Apparently, the Olympus E-M10 will be announced, along with a new, more compact kit zoom, and a 25mm f/1.8 lens, on the 28th/29th, depending on your location.
It appears to be a cut-rate E-M5 in a smaller body lacking weather-sealing, and will not replace the E-M5.
Since the E-M1 upset so many because it was supposedly huge (What do you do when you want to replace a dSLR (in this case, the E-5)? You make a larger small body, right?), Olympus is also going the other way making a more tiny body. I'm not sure whose male hands are so small but apparently there are many out there who already have micro Four-Thirds equipment.
Is the E-M10 a stab at the Panasonic DMC-GM1? I don't think so. I doubt this will be small enough to fit into a pocket, any more so than the E-PM2. It's more likely to be a stab at the GX7 or the G6, and at least, Panasonic acknowledges the PAL side of video.
What's curious is that it will likely undercut the E-P5's price a bit while providing an Electronic Viewfinder. So, the fastest shutter speed is really the only thing other than style that the E-P5 has.
Will this change Olympus' market penetration? I hope so, but I'm not holding my breath. This certainly isn't something I would buy but I can see the performance being competitive against low end dSLRs.

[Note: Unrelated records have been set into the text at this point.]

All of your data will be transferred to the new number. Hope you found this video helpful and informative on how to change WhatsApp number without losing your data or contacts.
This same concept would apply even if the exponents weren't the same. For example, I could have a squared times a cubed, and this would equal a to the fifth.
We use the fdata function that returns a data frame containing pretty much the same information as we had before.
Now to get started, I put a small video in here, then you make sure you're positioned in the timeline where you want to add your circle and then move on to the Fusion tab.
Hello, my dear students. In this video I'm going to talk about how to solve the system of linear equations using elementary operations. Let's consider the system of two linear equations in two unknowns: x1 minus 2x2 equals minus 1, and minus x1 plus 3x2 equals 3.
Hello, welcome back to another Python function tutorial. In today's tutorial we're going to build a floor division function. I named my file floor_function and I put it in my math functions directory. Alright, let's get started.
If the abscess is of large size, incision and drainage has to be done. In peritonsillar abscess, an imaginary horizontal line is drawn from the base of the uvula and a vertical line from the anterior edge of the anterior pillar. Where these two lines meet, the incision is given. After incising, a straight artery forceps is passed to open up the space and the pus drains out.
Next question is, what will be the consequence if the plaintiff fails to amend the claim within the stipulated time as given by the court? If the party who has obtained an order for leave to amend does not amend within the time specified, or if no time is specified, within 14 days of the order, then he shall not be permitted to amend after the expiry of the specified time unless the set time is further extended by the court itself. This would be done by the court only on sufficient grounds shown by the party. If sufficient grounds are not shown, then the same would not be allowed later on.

Cheryl Tiegs, then a supermodel, introduced the OM-10 in advertising at the time. I'm not sure a supermodel can help. Kim Tae-Hee, a Korean supermodel has already been involved with micro Four-Thirds but I have my doubts that it would help, even though Samsung isn't making anything truly compelling in mirror-less camera bodies.

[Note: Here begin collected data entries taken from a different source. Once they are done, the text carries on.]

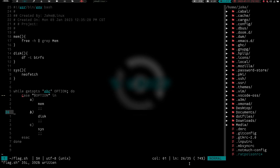Let's go to workspace two. If you recall, this is the script we wrote on Monday — just a real basic script called flag.sh. What it did is if you ran flag.sh and gave it the dash-a option, it would run the mem function that would show us our memory. If you gave it the dash-b option, it would run disk and show us our BTRFS partitions. And if you gave it the dash-c option, it would print out Neofetch. That was a brief introduction to using the getopts command — the getopts shell built-in in bash.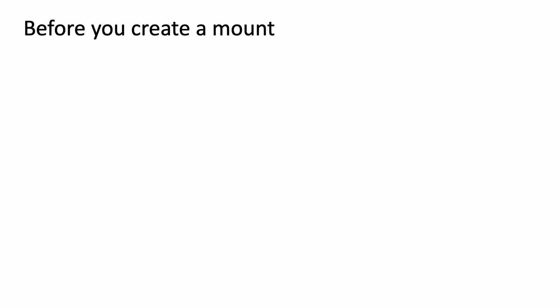Now, if we take a look at how you actually create a mount in the big data cluster, you first need some prerequisites. We first need the credentials to the remote store. In addition to that, we also need a SQL Server big data cluster. And you need the azdata command line tool to execute the actual mounting commands.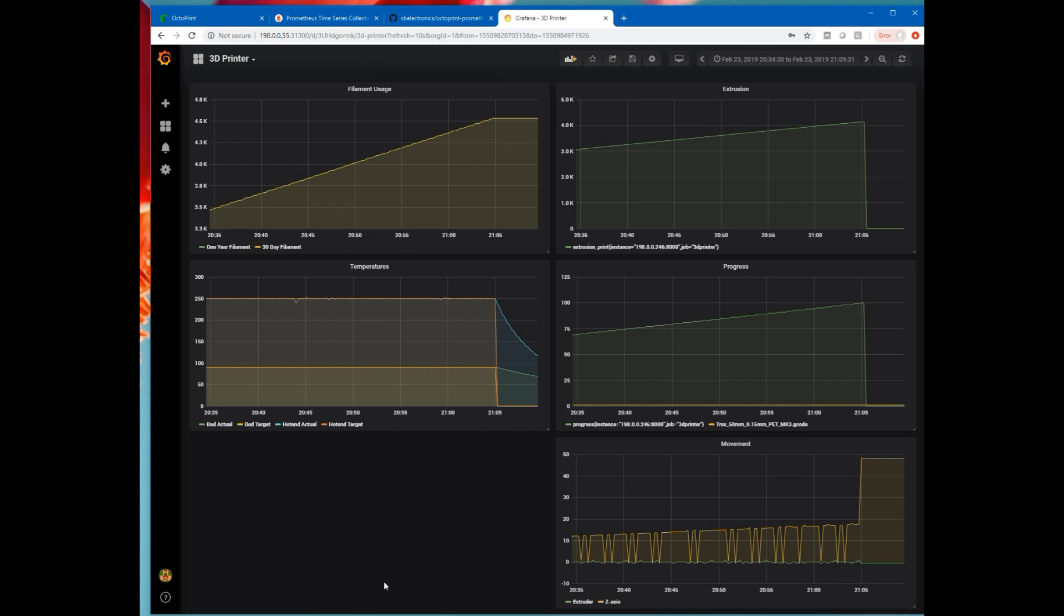Anyhow, that's a basic intro to Prometheus and Grafana graphing the utilization of a 3D printer. Thank you for watching my video. Please visit my website at www.smbaker.com for more electronics projects and sandrail stuff. Bye.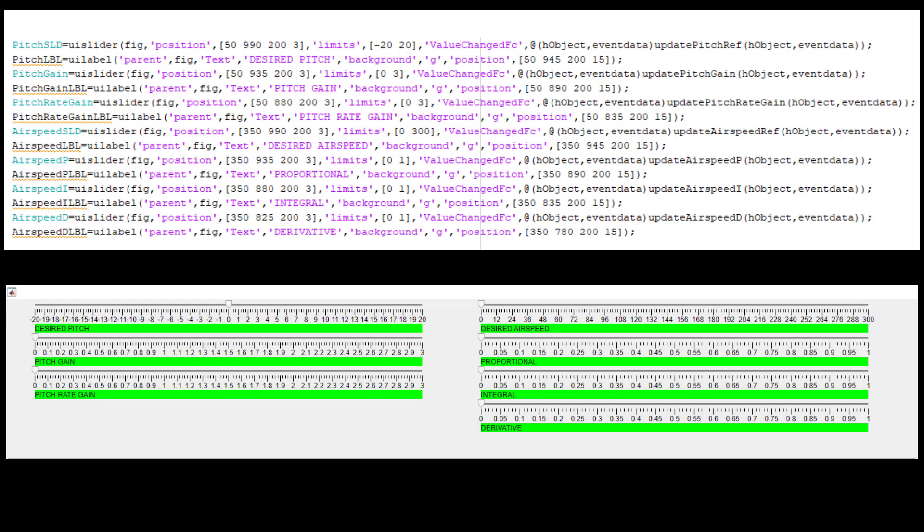We have also introduced a bunch of sliders, so we can update, while the script is running, values of desired pitch, desired speed, and controller parameters.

Update 2014.01.29: So, it's not actually the greatest camera body of all time. Surprised? Of course not. It is a bargain, though.

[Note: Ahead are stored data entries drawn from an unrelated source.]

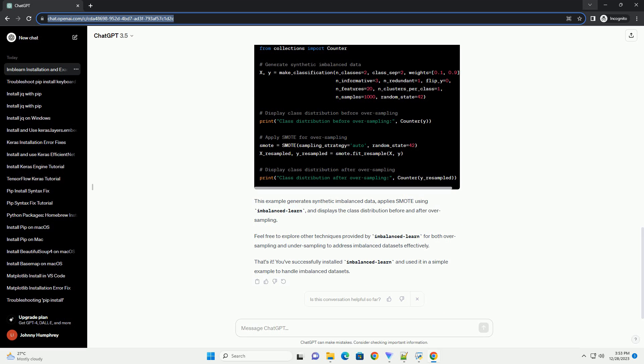This import statement allows you to access the resampling techniques provided by Imbalanced Learn. Let's create a simple example using synthetic data to demonstrate how to use Imbalanced Learn for oversampling.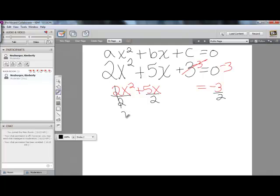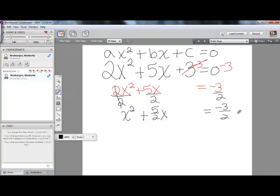Once we've divided by 2 in this particular problem, we will end up with x squared plus 5 halves x equals negative 3 halves. Now is where we do something that is strategic in this process — it actually gives the process its name. The name is called completing the square. What we're going to do is turn this side of the equation into a nice perfect square.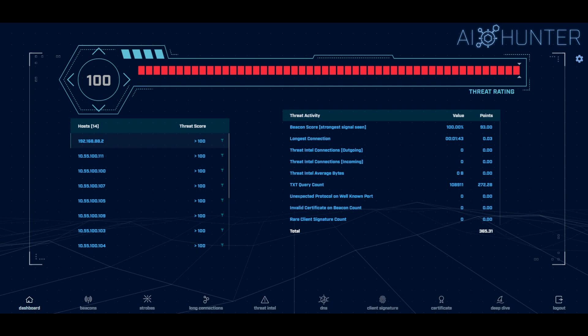Hey folks, I'm Chris Brenton and today I'd like to give you a demonstration of AI Hunter, our threat hunting tool that you can use to go through and do a compromise assessment on your network.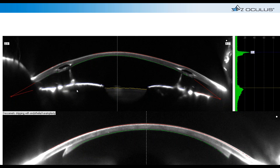Other applications of the Scheimpflug camera include viewing INTACS segments — you can confirm proper channel position and check for extrusion or perforation. You can examine all different corneal slices. Another interesting image shows a DMEK — Descemet Membrane Endothelial Keratoplasty — where the transplant tissue is very nicely visualized on the Pentacam scan.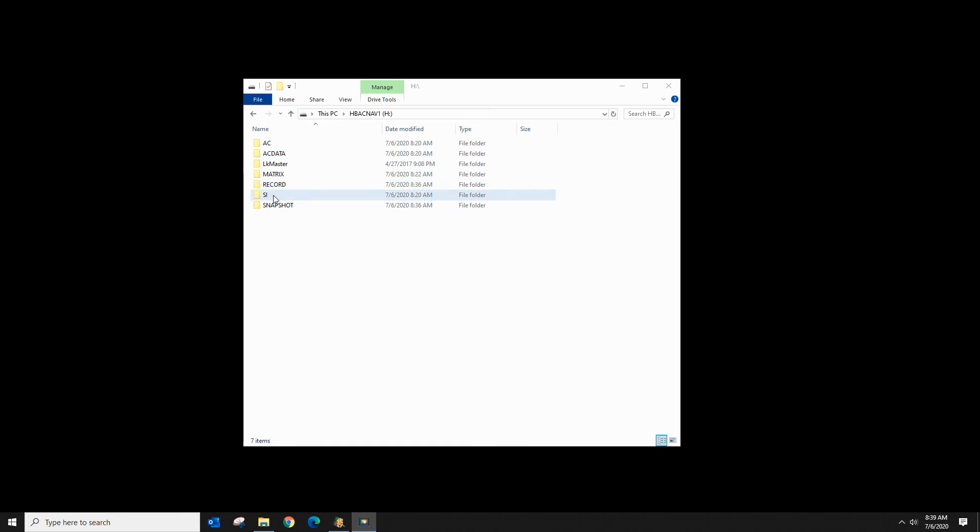The SI folder is created by AutoChart Pro and that's going to have side image mosaics that you can overlay over your Humminbird Lake Master map.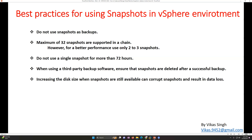Increasing the disk size when snapshots are still available can corrupt the snapshot and result in data loss. If you have a snapshot of the virtual machine, do not perform any activity related to disk resizing, because it can corrupt your complete snapshot, data, and the virtual machine disk data itself.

Olympus has brought some technology down a price point or two. Namely the best processing engine Olympus has, and a better rear display. It also has 3-axis image stabilization, which is one axis better than the E-PM2 and E-PL5/E-PL6. The 81 focus points sounds a bit better than 35. Hopefully, they're arranged nicely across the frame.
The huge question is: Will people buy it?
During the holiday season, I saw various low end dSLRs offered for US$399.99. It didn't matter that they were three years old. Many of the people who would buy them just want a "professional" camera, and nothing says professional more than a cheap dSLR, correct? Why spend US$6000 when your (photographic) friends can't tell the difference?
The trouble with this mindset is that until dSLRs are completely gone, mirror-less system cameras may never have a full shot at the market. Of course, the high entry price says loads about it, and Olympus and Panasonic have made it clear that they want to make a lot of money from it, rather than trying to sell billions with very little profit, as is done with the cheap dSLRs.
Update 2014.02.10: I've seen some work done with it, and I'm impressed. It's apparently better than the E-M5 in many ways, despite the budget-ish price. For those who don't photograph in the rain, it shouldn't be a problem. For those who want to photograph in the dark, they might want to try it first. The TruePIC VII processor seems to find better image quality from the sensor also used in the E-M5.
I'm wondering what will happen to both the E-M5 and the E-PL5/E-PL6 now. With a price just above the E-PL5/E-PL6, is the E-M10 just another option or does it confuse people? You can use one of the electronic viewfinders with the E-PL5/E-PL6 but would you rather have everything in one box, so you don't forget the viewfinder? The E-M10 is also cheaper than the E-PL5/E-PL6 with VF-4, though the E-M10's viewfinder isn't nearly as sophisticated.
Update 2014.04.03: Apparently, quite a few people are impressed with the E-M10 body. They like that it's smaller than the E-M5 and less expensive, since it's not weather-sealed. I can appreciate the step forward, but I wonder where that leaves the E-M5. I see a lot of comments about price, and many of the same people commenting seem to have the least expensive lenses that they can find, which aren't weather-sealed, so for many, it's likely not a problem. I'm thinking that the current count of weather-sealed lenses is up to 5, which isn't much considering that the majority of Olympus' Four-Thirds lens catalog was weather-sealed.